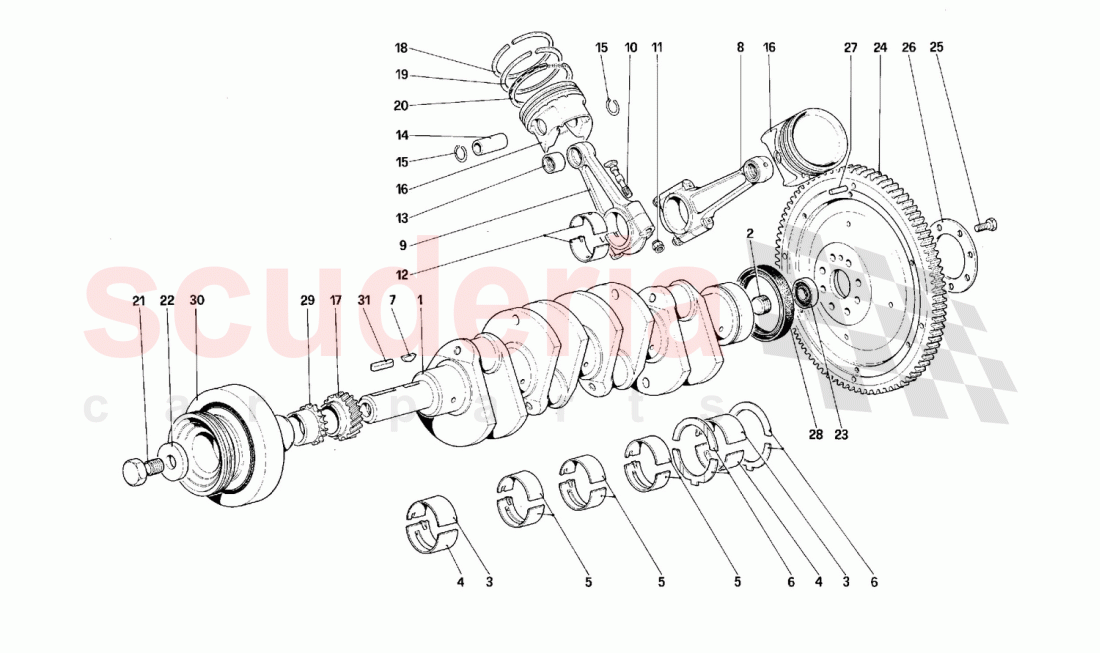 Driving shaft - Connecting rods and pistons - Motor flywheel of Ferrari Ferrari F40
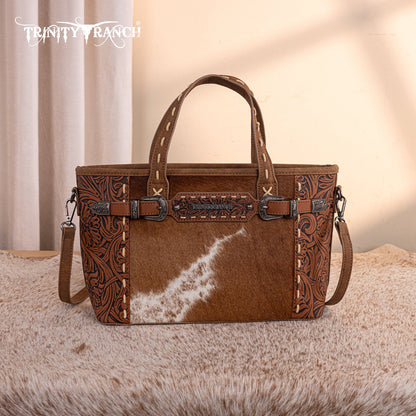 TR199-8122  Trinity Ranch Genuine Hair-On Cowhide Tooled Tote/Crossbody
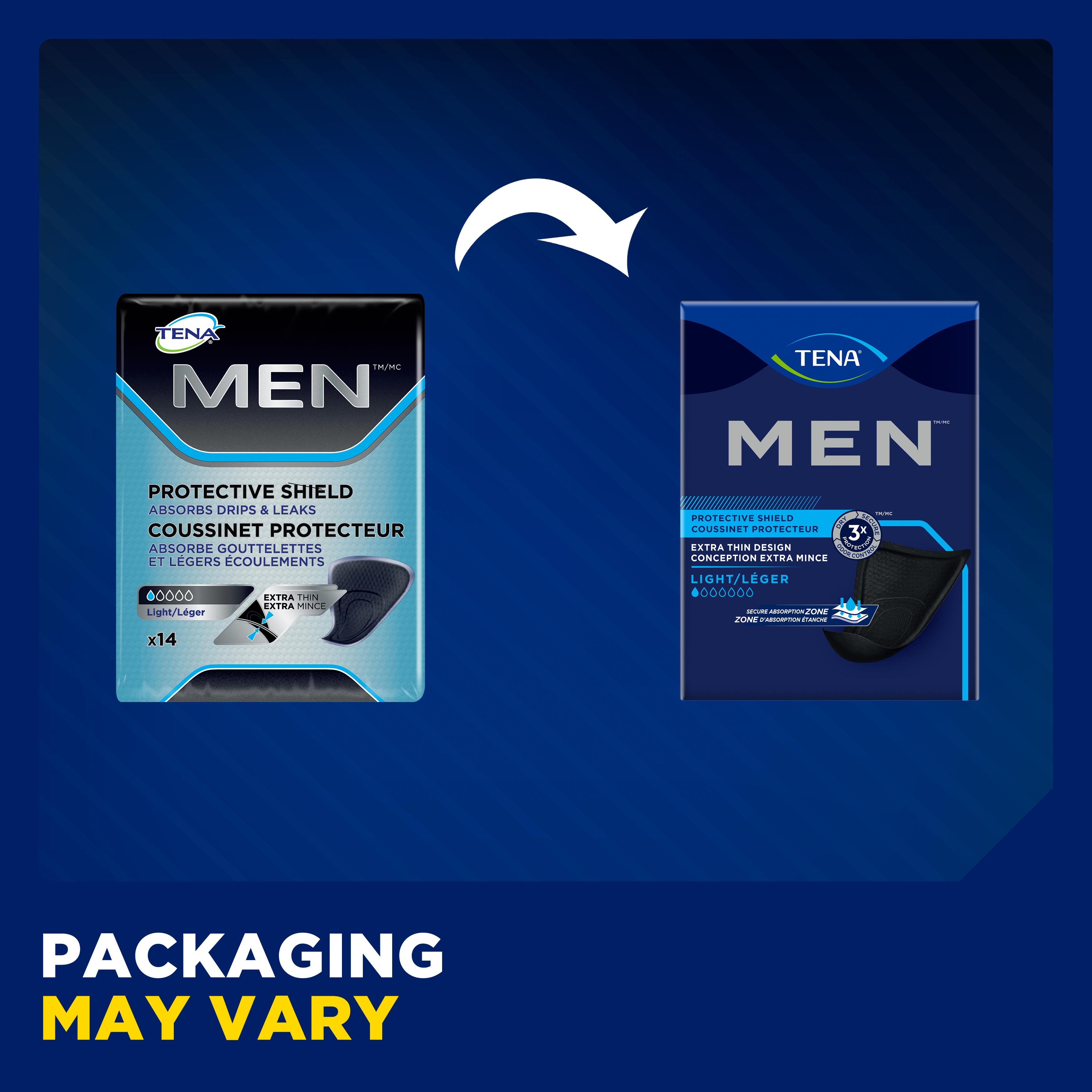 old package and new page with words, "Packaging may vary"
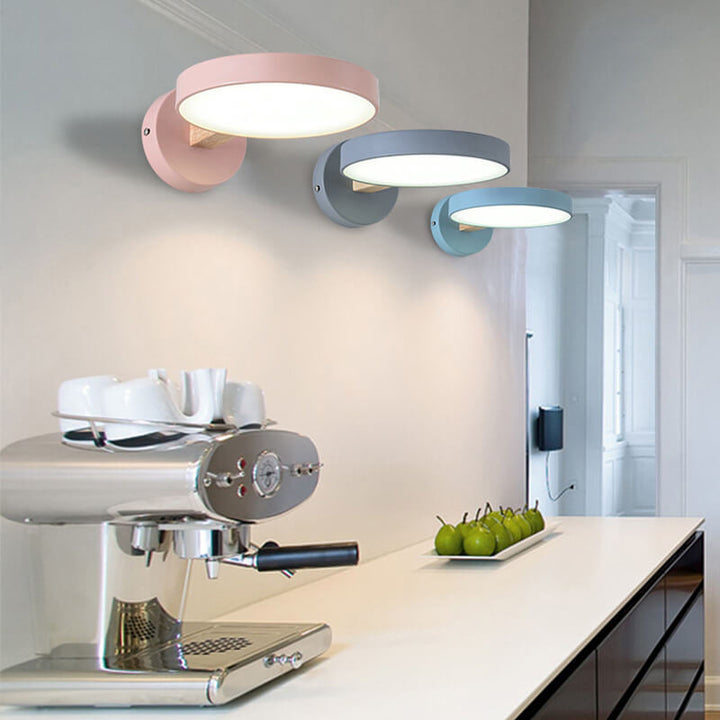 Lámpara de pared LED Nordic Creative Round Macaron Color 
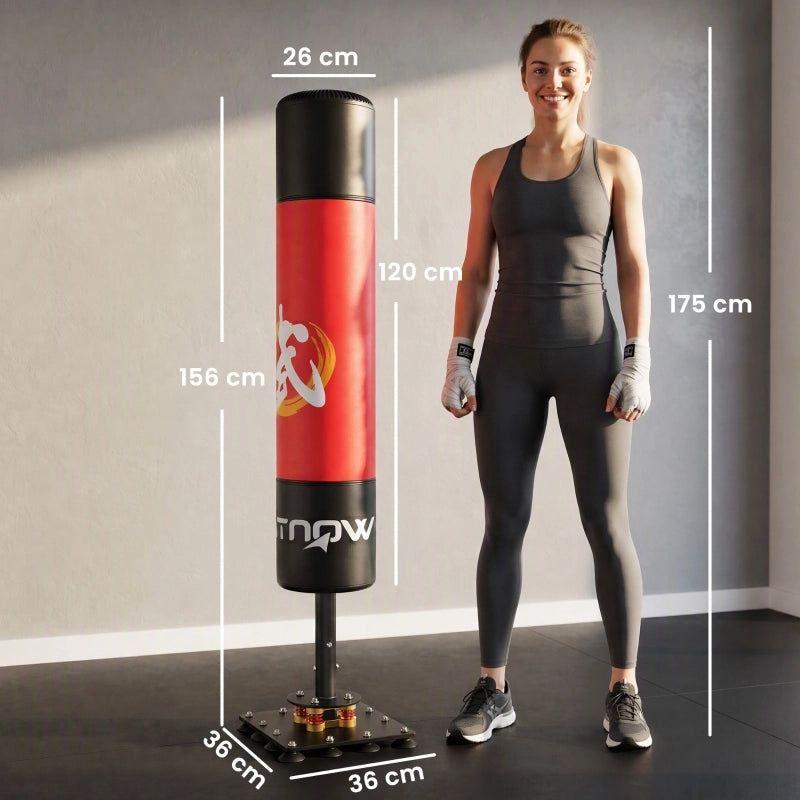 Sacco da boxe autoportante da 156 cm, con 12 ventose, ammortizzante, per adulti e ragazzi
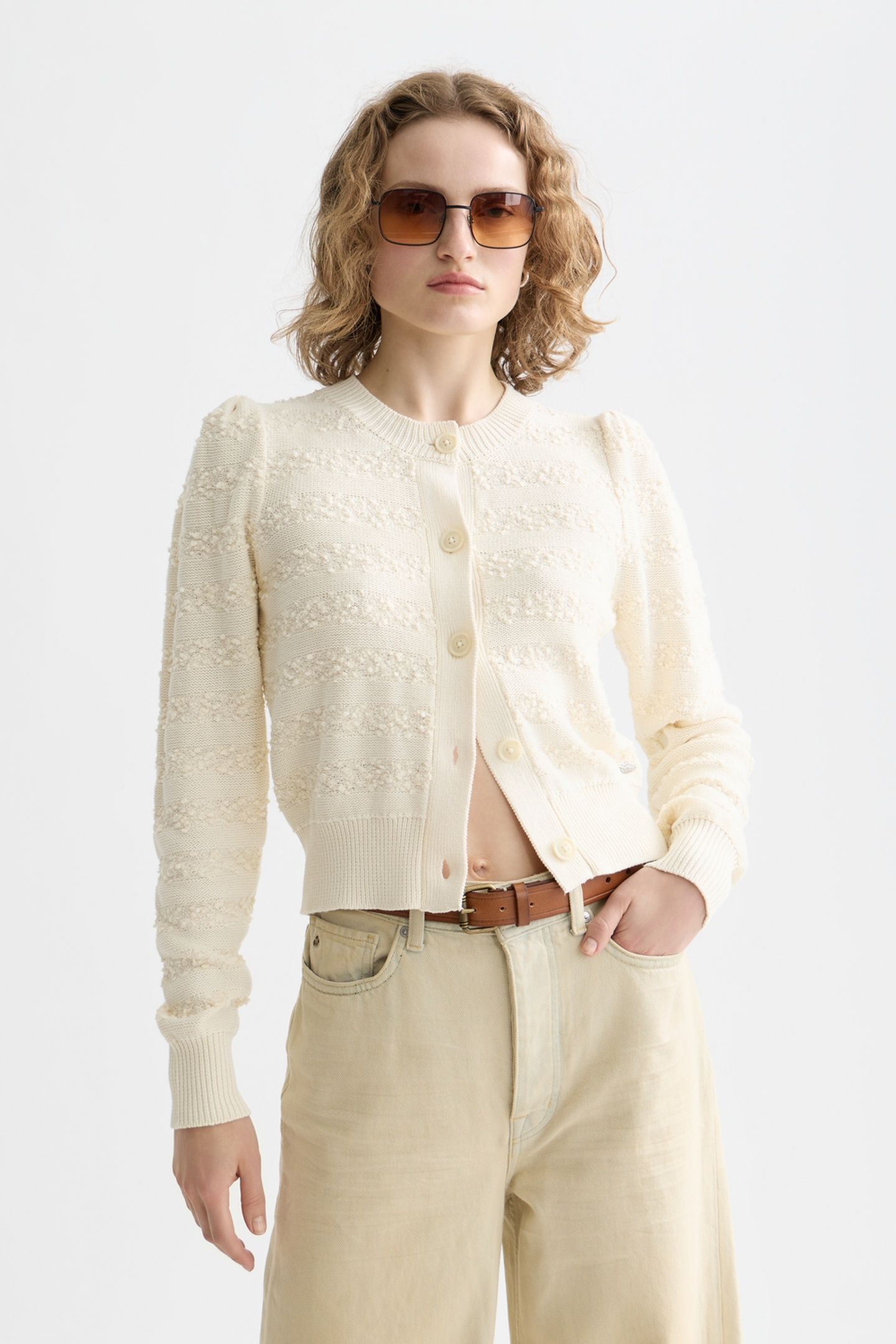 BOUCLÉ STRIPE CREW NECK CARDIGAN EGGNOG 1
•••
» PROBLEM TO WORK ON
When you come to the line containing "old package and" in the records above, repeat that line and all lines after it exactly, but not the pictures.

» SOLUTION TO THE EXERCISE
 old package and new page with words, "Packaging may vary"
 Lámpara de pared LED Nordic Creative Round Macaron Color 
 Sacco da boxe autoportante da 156 cm, con 12 ventose, ammortizzante, per adulti e ragazzi
 BOUCLÉ STRIPE CREW NECK CARDIGAN EGGNOG 1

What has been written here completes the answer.